The DEA-GreenMetric contributes to the literature by enabling a ranking of universities according to the intensity of their efforts to manage environmental concerns and sustainable development. The application of the DEA technique assigns maximum scores to a number of universities, ranking the rest according to their relative efficiency levels. The possible ambiguity resulting from the classification of universities located on the efficiency frontier (efficiency scores of 1) was resolved by applying CE, which enabled a complete ranking of all universities.

In short, this research has yielded a synthetic indicator to complement the information provided by the UI GreenMetric; the methodology used to produce the latter means that two institutions can obtain the same score. The results for the top five universities in each group revealed a degree of similarity between the UI GreenMetric and the indicator created. Furthermore, it can be concluded that sustainability efforts focused on environmental variables are the least well-established in these institutions. Universities should thus take measures to improve their performance in all issues related to waste management and water as well as energy and climate change.

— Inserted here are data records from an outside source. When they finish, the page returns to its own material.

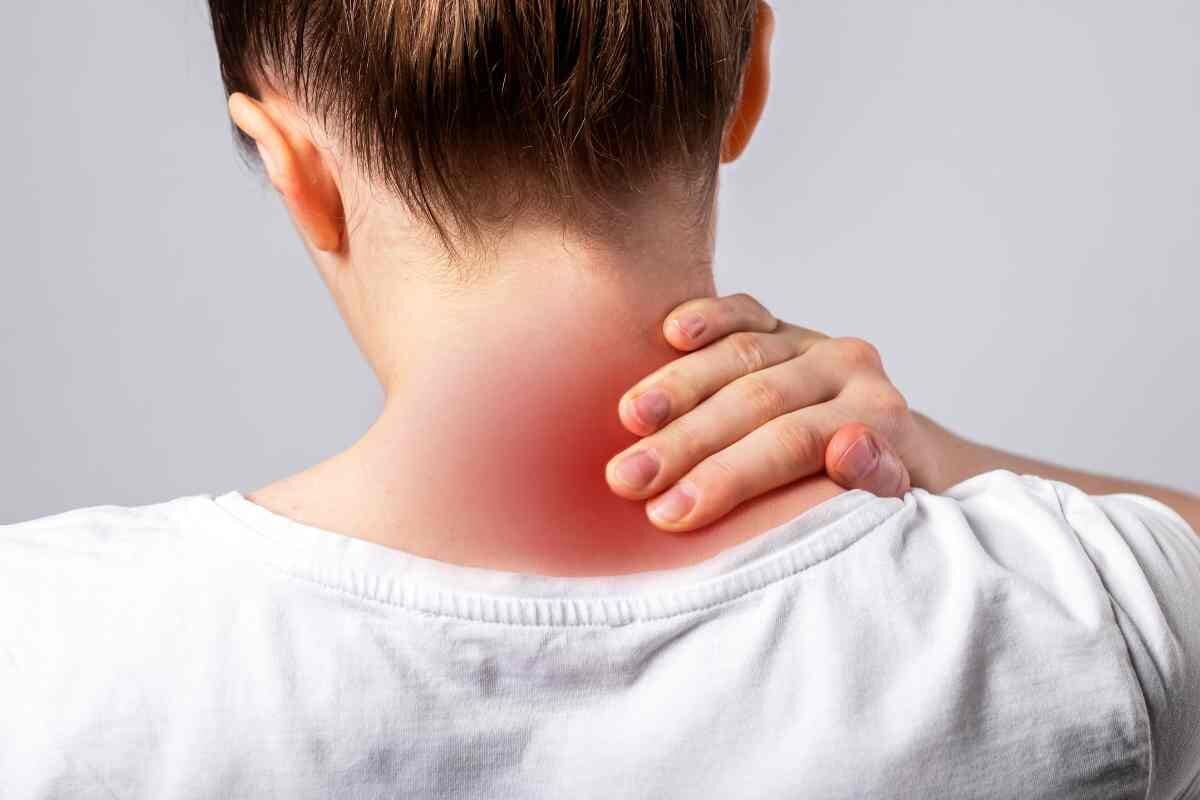 Pijn in de nek: oorzaken en behandeling
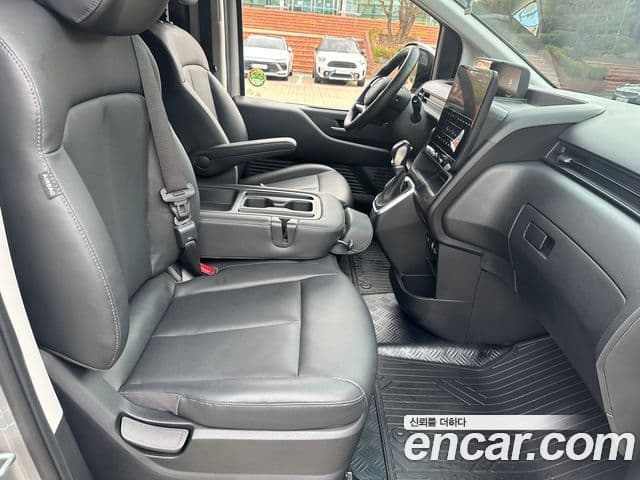 Hyundai Staria Modern, 2023 15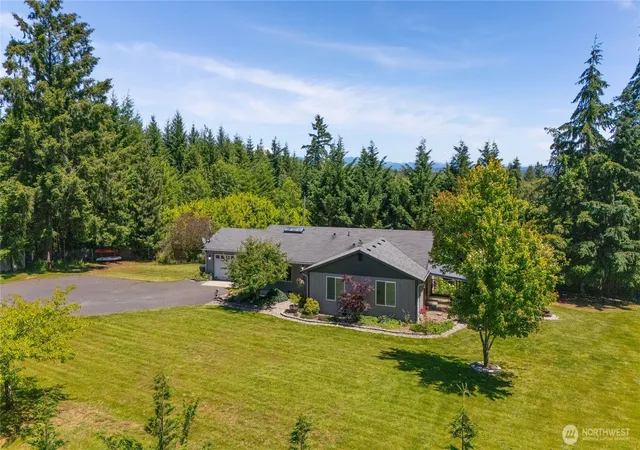 Single family home for sale at 120 Joy Ln, Chehalis, WA 98532 | MLS# NWM2542504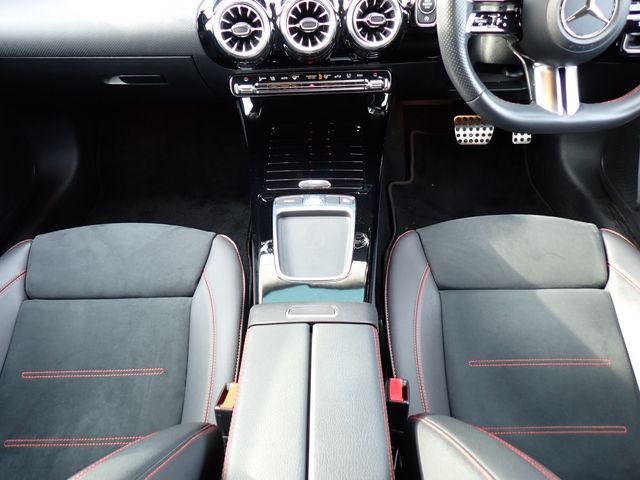 MERCEDES BENZ CLA SH 2023 Image 31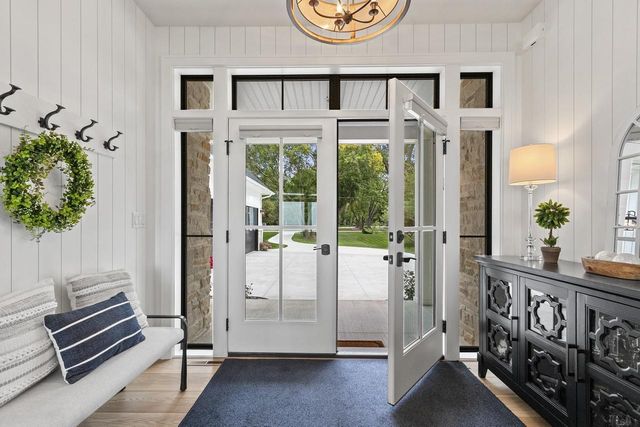 1751 EAST SHORE CIRCLE, Green Bay, WI 54302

Subsequent publications of the UI GreenMetric report will allow these results to be updated in order to assess the progress made by the universities analyzed. The greater public awareness of sustainability calls for a high degree of transparency so that the policies being implemented can be clearly understood and serve as a model for institutions that are lagging behind.